Embracing Big Data From the Warehouse
A pragmatic approach to the big data journey
Internet behemoths Google and Facebook have created value by managing and analyzing big data, which has prompted CIOs to ask whether new technologies might deliver positive results within their own enterprises. Aggressive growth rates projected by industry analysts encourage such thinking. Wikibon estimates the big data market as growing from USD5 billion in 2012 to more than USD30 billion by 2015 and up to USD53.4 billion in 2017 (you can see the free report here). IDC is more conservative, estimating that the market will reach USD16.9 billion in 2015. Many IBM clients start their big data journeys with their largest managed collection of structured data—their data warehouses. This article reviews how organizations can create real business value when combining technologies that fall under the umbrella of big data management.

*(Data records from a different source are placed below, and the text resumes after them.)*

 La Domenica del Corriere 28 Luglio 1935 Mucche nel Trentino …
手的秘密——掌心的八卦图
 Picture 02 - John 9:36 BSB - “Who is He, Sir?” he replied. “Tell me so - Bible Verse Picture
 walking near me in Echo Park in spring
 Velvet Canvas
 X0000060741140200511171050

Deploying big data management technologies
Technologies deployed to manage big data include:
- Enterprise data warehouses
- Data warehouse appliances
- Apache Hadoop clusters
- Log analysis and complex event processing on streaming data
- Software to move and integrate data between individual management nodes
A team of IBM authors provide deep insight into the newer of these technologies in a free IBM eBook called Understanding Big Data.
Bringing big data under management is the first step. Organizations create value when they use algorithms to analyze data and develop an understanding of cause and effect. However, these analytic algorithms are computationally demanding and are most compatible with data management technologies running on massively parallel processing hardware architectures.

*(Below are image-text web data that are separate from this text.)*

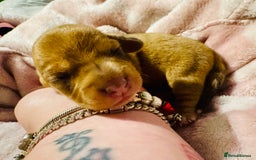 Mixed Breed dogs for sale: Beautiful Dachshunds for sale  - Image 8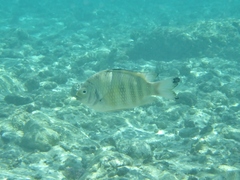 Abudefduf septemfasciatus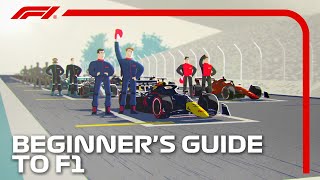 Beginners Guide to F1 [upl. by Alwitt770]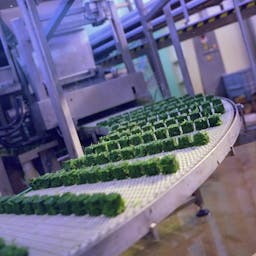 Sfeerafbeelding Onderhandelingsresultaat bereikt over nieuwe cao Groente- en Fruitverwerkende Industrie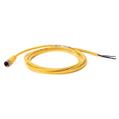 Allen Bradley 889DS-F4AEDM-1 DC Micro Cable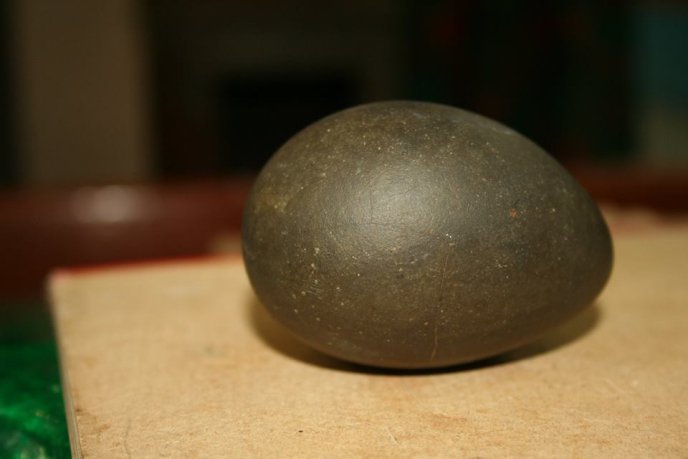 На Іршавщині діти знайшли давнє "кам’яне" яйце, яке передадуть в місцевий історичний музей – 04 На Іршавщині діти знайшли давнє "кам’яне" яйце, яке передадуть в місцевий історичний музей – 04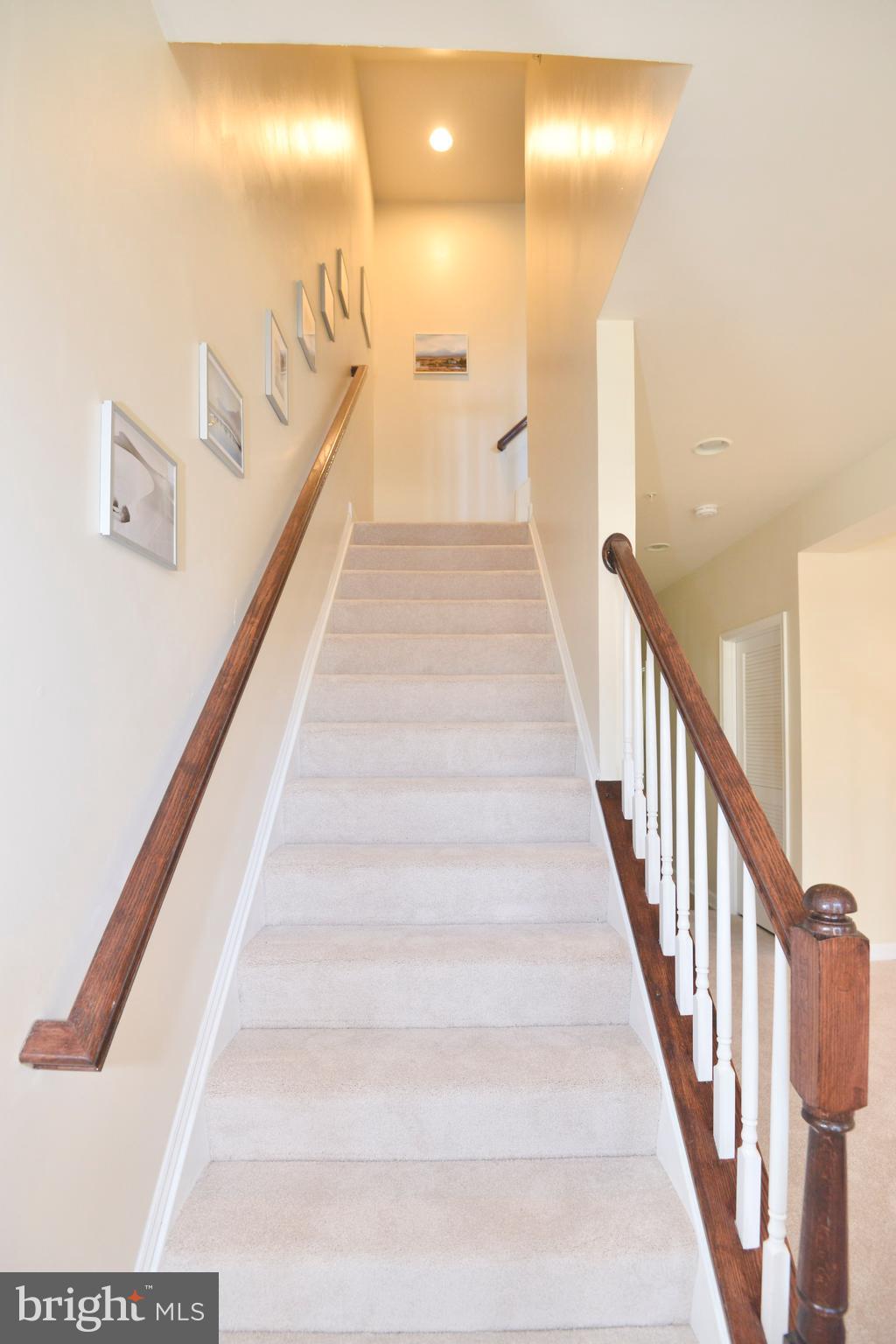 SUMMERFIELD AT MORGAN ST - Residential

Modernizing a data warehouse
Many first-generation data warehouses are deployed on computing architectures that are poorly matched to the demands of analyzing big data. By modernizing their warehouses, and replacing older database management systems running on symmetric multiprocessing hardware with an IBM Netezza data warehouse appliance, hundreds of organizations now exploit big data.

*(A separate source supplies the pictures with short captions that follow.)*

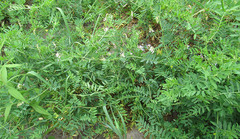 Vicia biennis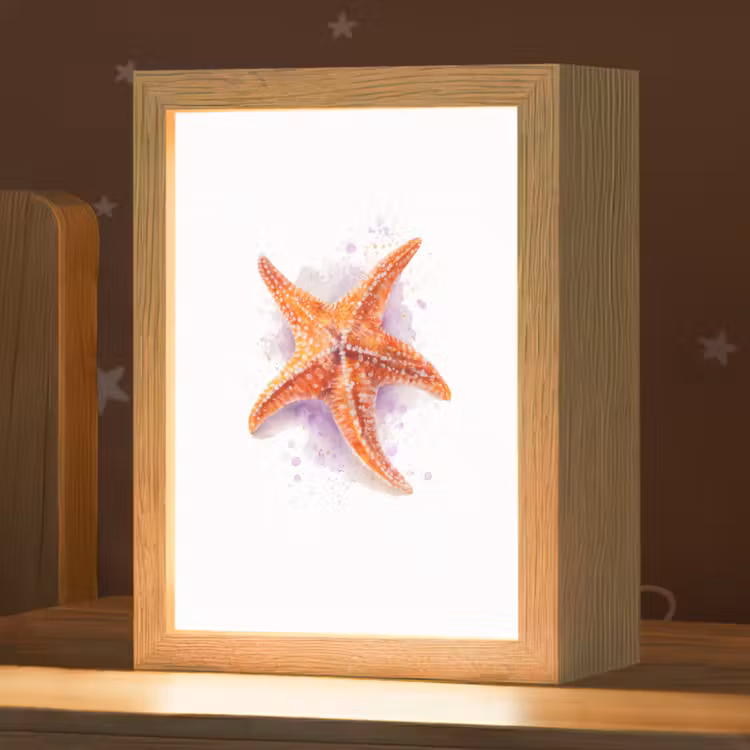 Zeester - Oranje - Paars Light Box met kabel klein -zzz_3d_website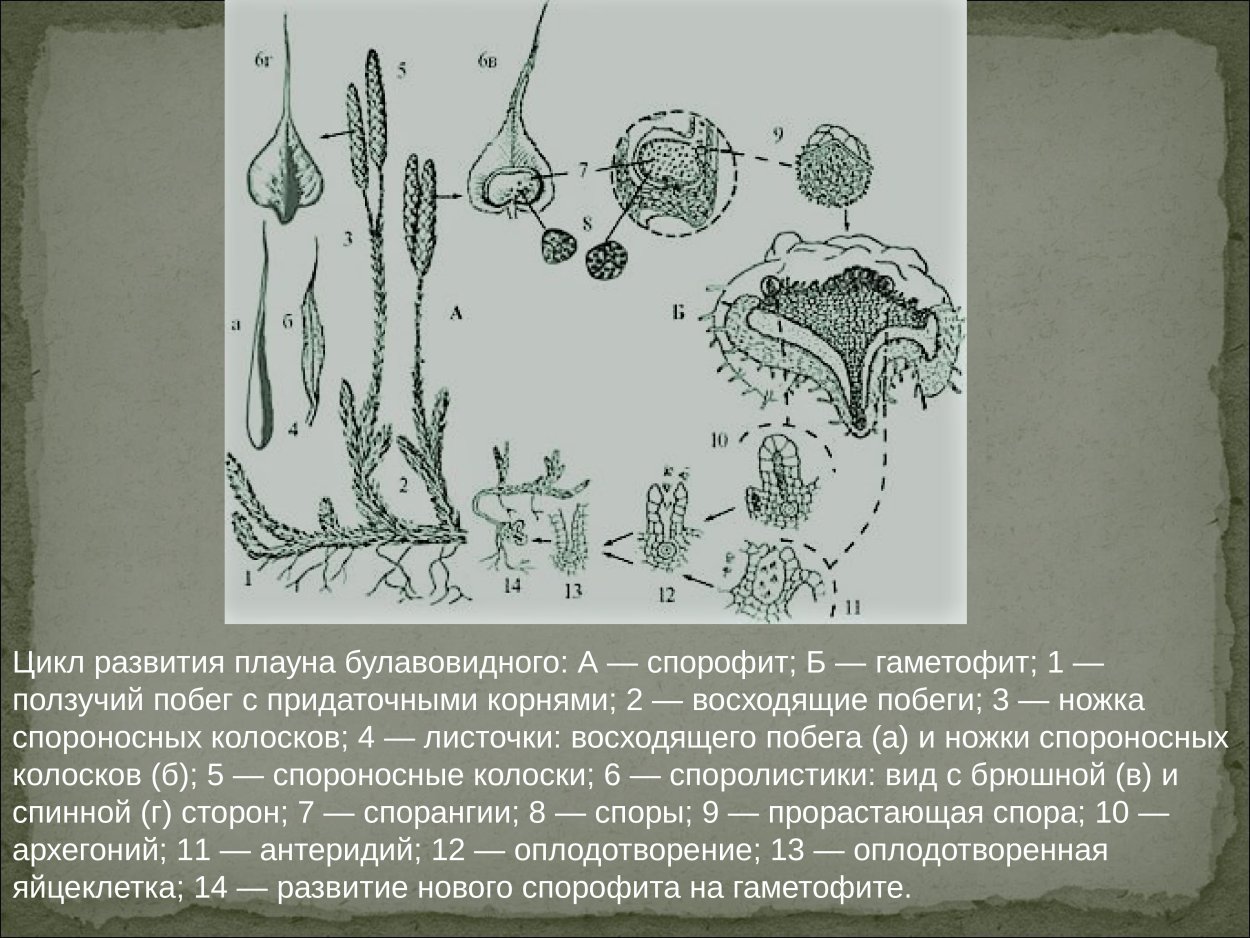 Среда обитания плаунов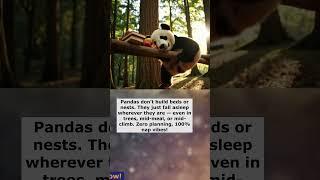 Smart Daily Facts #067 | Pandas Sleep Wherever They Get Tired — Even in Trees!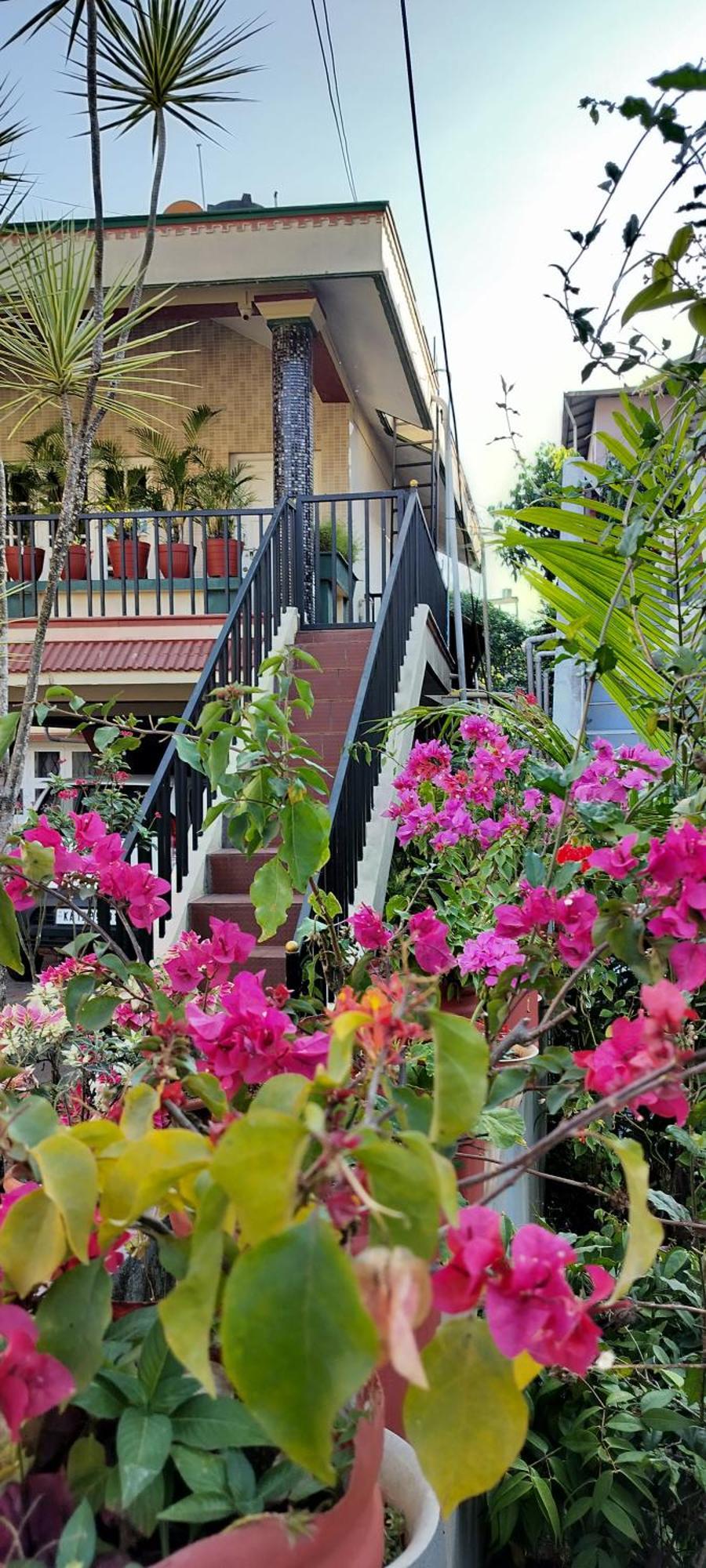 Royal Palm Homestay 马迪凯里 外观 照片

In the world of mobile telephony, maintaining high-quality service across the network is fundamental to customer satisfaction—unhappy customers will leave for a competitor. T-Mobile’s first-generation warehouse could not aggregate data at sufficient scale for the company to understand events on its entire network. At 40 TB, the Oracle-based warehouse was beyond its limit, denying the company a deep understanding of the quality of its service. Modernizing its warehouse with Netezza freed T-Mobile to load 17 billion network records each day, and analyzing this data provides detailed insight into quality of service and customer satisfaction. The warehouse currently manages 2 PB of data, providing analytics support to 1,300 business users, and is so successful that adoption has spread beyond its original user base in network operations to revenue assurance, billing, marketing, and customer care. You can see a video of Christine Twiford, Manager, Network Technology Solutions at T-Mobile, talking about the company’s big data journey here.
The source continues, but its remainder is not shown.